EXERCISE PROMPT = In the entries that follow, the lines from the line containing "Man using virtual reality headset in kitchen" up to and including the line containing "Fashion blogger at" must be copied exactly, with pictures omitted.

DATA PROVIDED =
◇ ◇ ◇

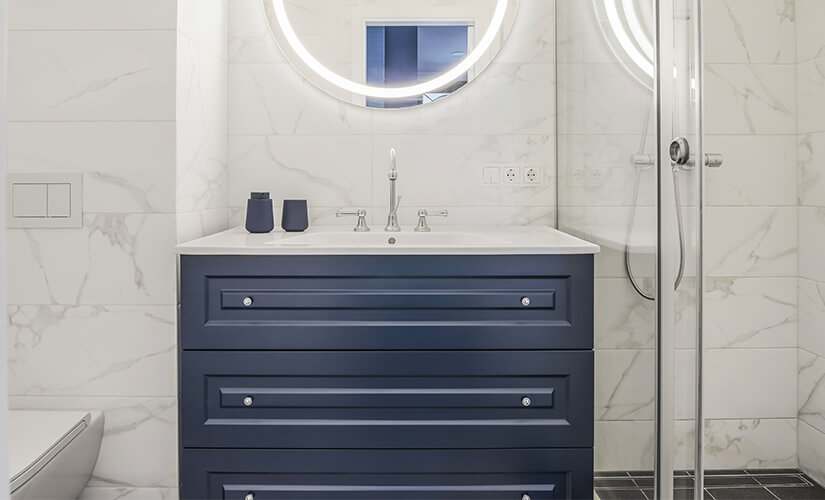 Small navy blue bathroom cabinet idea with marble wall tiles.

◇ ◇ ◇

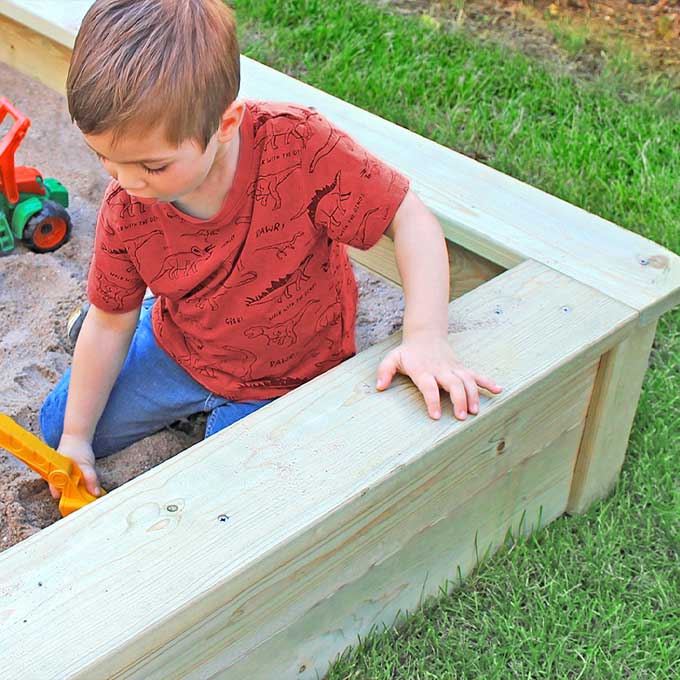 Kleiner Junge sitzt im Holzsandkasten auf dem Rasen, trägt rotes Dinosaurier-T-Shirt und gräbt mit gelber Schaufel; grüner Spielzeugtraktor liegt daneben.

◇ ◇ ◇

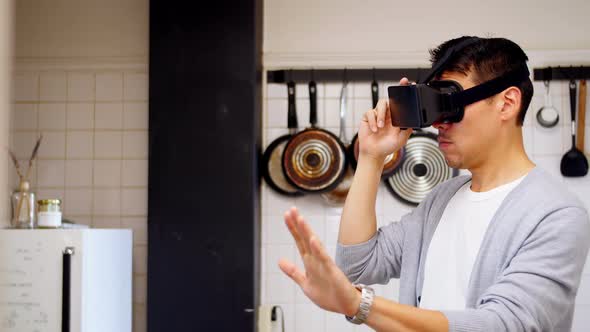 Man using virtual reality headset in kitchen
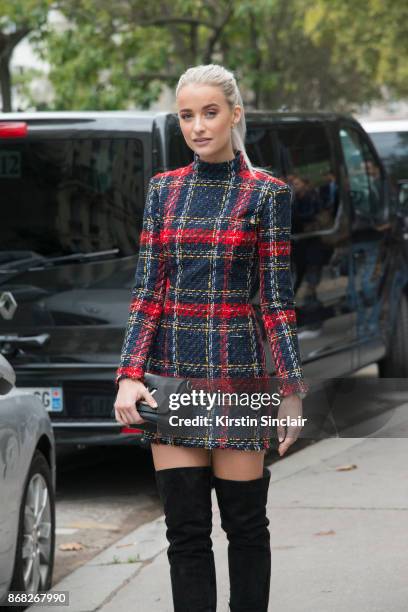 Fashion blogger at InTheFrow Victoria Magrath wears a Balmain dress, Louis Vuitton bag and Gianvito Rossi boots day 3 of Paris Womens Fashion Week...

◇ ◇ ◇

YOUR RESPONSE =
 Man using virtual reality headset in kitchen
 Fashion blogger at InTheFrow Victoria Magrath wears a Balmain dress, Louis Vuitton bag and Gianvito Rossi boots day 3 of Paris Womens Fashion Week...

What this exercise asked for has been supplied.